I suppose we would all need to be up in arms and burning General Pace in effigy for that too.
Because..lol...if you think there are alot of gays in the military, there are at least 100 times that number of people cheating on their spouses.
But I'm sure someone would come along and defend the adulterers right to wreck families and destroy esprit de corps. Ya know..free-will, and openess, and ****. There's always one...
I must agree with the opinions put forth by self_activated earlier on in this thread. In Canada, a member of the Canadian Forces who would publicly make a statement in regards to the policies of the Forces (e.g., the right of homosexual citizens to serve and defend Her Majesty The Queen of Canada), should be summarily dismissed and brought up on charges. A member of the armed forces, in all matters relating to said armed forces, is entitled to express only those opinions approved of by and encouraged by the military. That’s part of the job. The same should be true in the United States of America.
First off, homosexuals do NOT have a right to serve in the US Armed Services if they are open about their sexuality. So Pace's only crime was upsetting the PC crowd. No crime was committed.
I can't believe how backasswards the 'don't ask don't tell' policy is. You can die for your country, just don't be honest about who you are when you do it!
The general is entitled to his views.
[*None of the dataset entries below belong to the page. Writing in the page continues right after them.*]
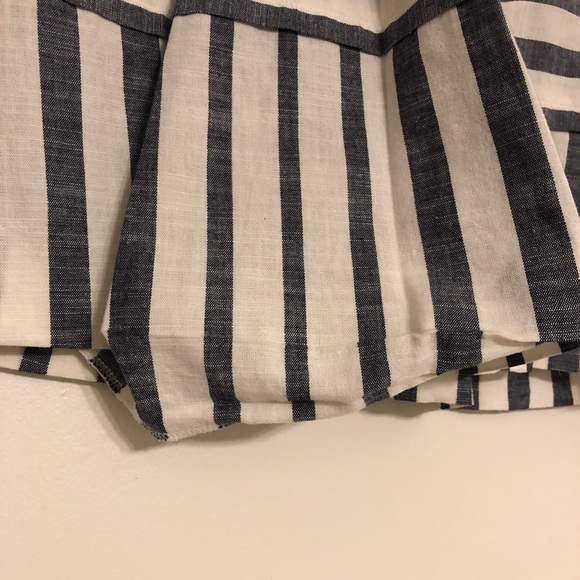 Loft, Medium, Blue and White. - Picture 3 of 3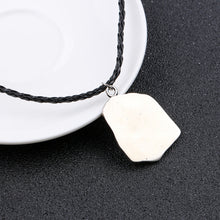 Load image into Gallery viewer, Eye of Horus Wealth and Health Necklace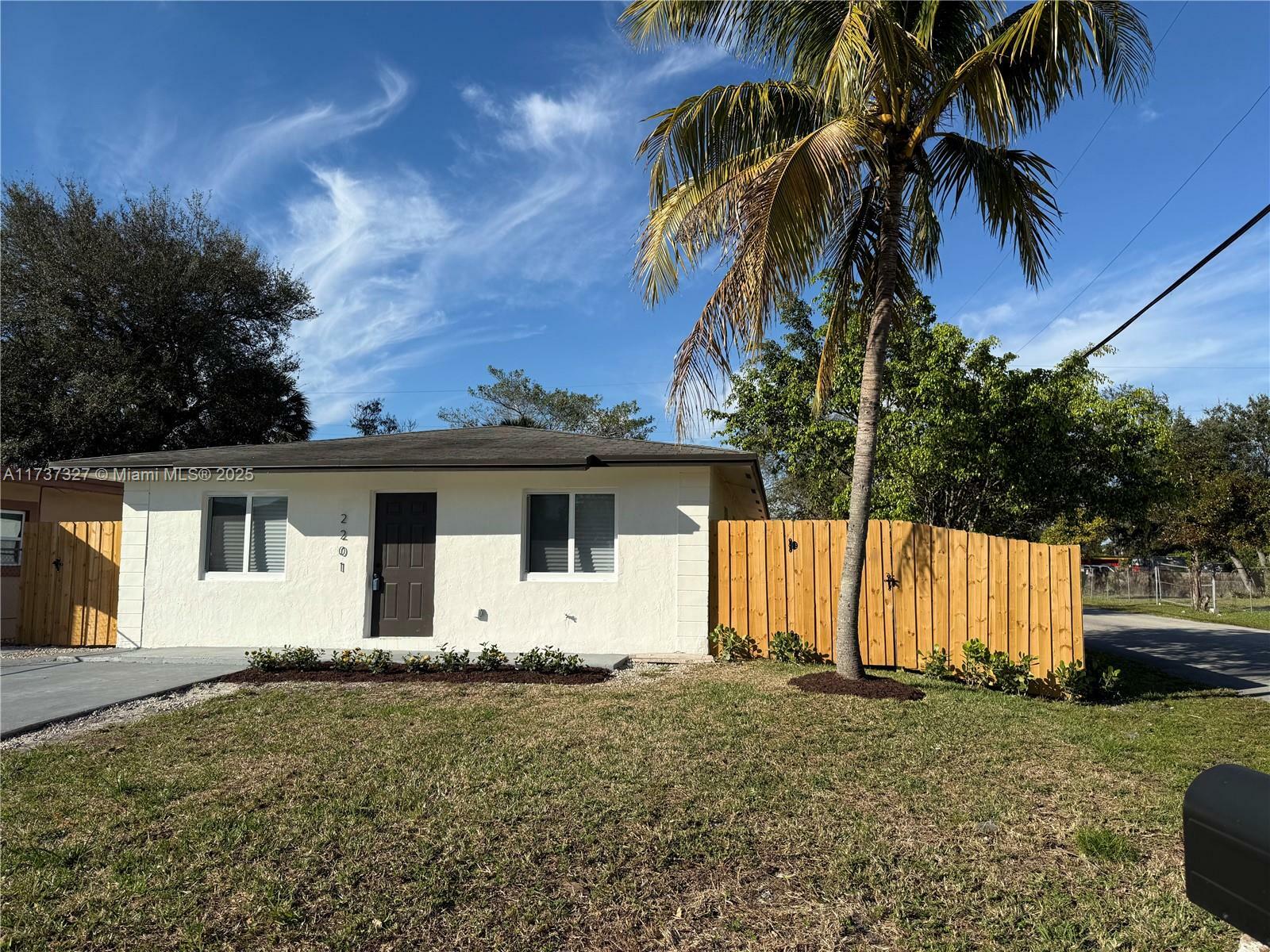 Property Photo:  2201 NW 6th Ct  FL 33311 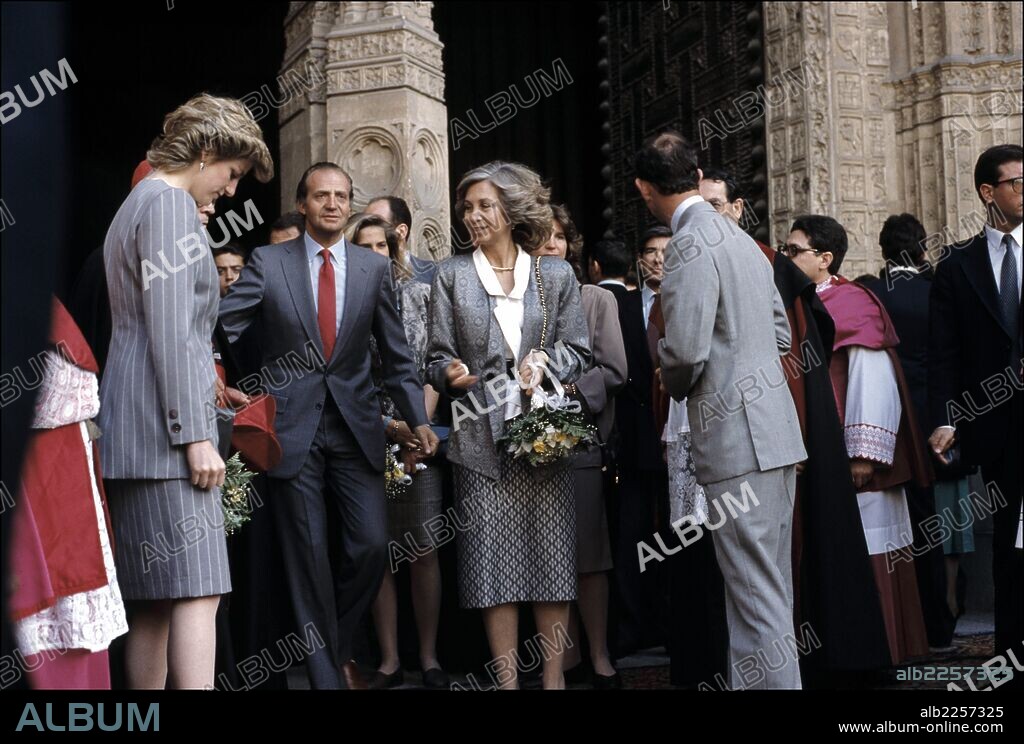 JUAN CARLOS I. REY DE ESPAÑA. ROMA 1938-. VISITA A TOLEDO DEL PRINCIPE CARLOS DE INGLATERRA I LA PRINCESA DIANA DE GALES ,ACOMPAÑADOS POR LOS REYES DE ESPAÑA DURANTE SU ESTANCIA EN ESPAÑA.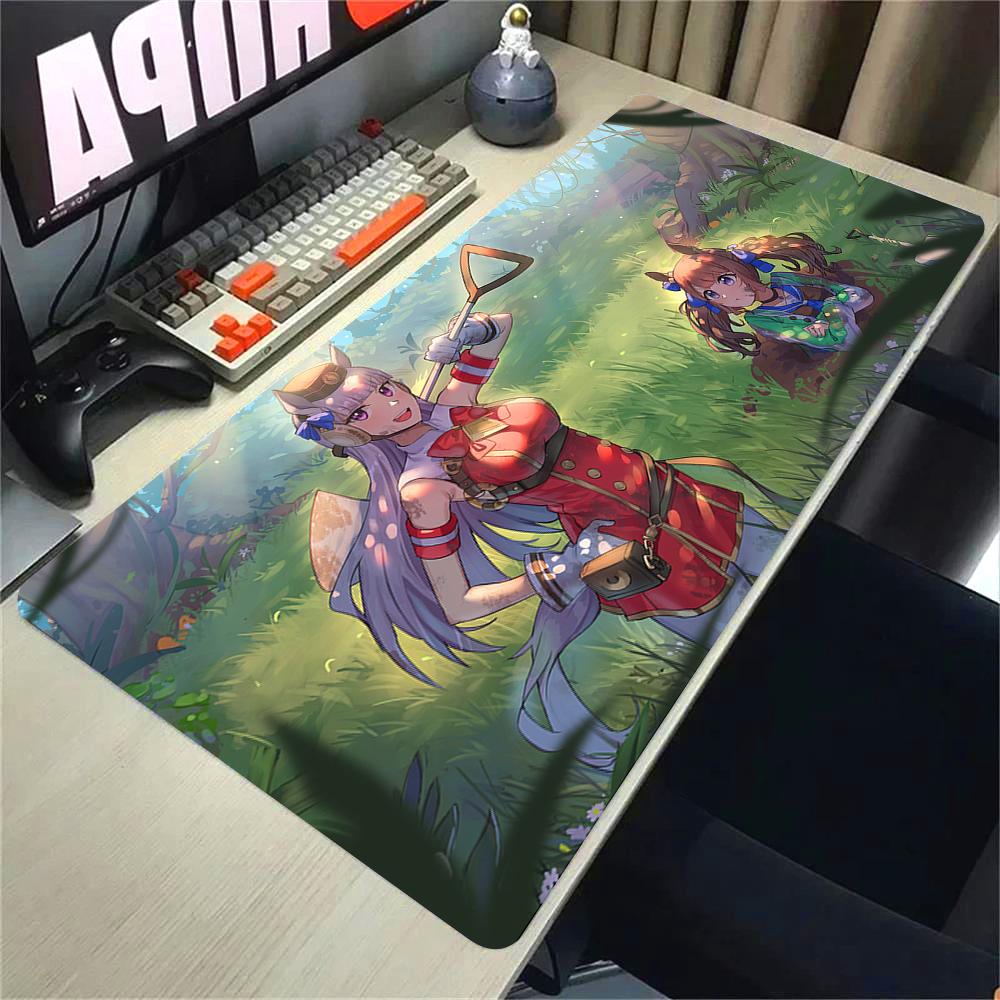 Nouveau Tapis de Souris Anime Umamusume Pretty Derby Tapis de Souris Clavier Grand Dessin Animé Mignon Oguri Cap Tapis de Bureau PC Gamer Impression Tapis de Table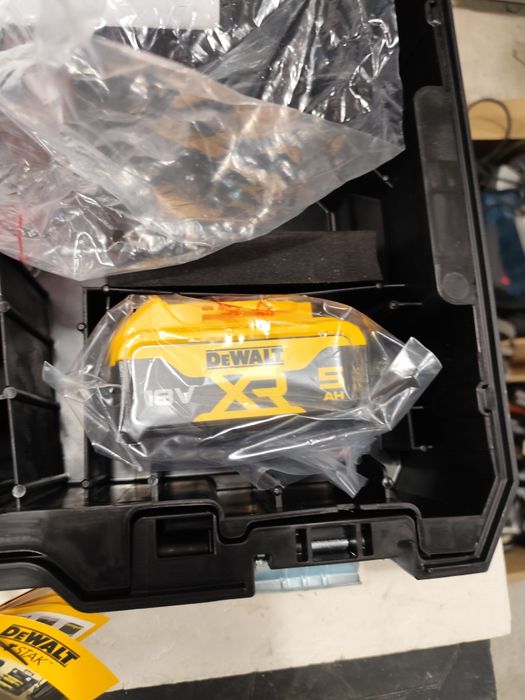 Акумулаторен безчетков ъглошлайф Девалт 18 волта DeWALT DCG405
I'm sure the heterosexual lobby groups would agree. By the way, are there any?
Well that is just the policy. It is what it is and will be until it is changed.
Whether you want to believe it or not, if someone was to come out of the closet there would be a lot of problems for him if we didn't have that policy. The military is a different culture.
I wonder how true that is. My military man isn't homophobic at all. I was kind of surprised by it. I sort of warned him before taking him out to a bar we like in West Hollywood because a lot of the gay men there are pretty flamboyant, but he didn't care a bit. Oddly, it was my male nurse friend who turned out to be really uncomfortable, and who would expect a male nurse to be homophobic?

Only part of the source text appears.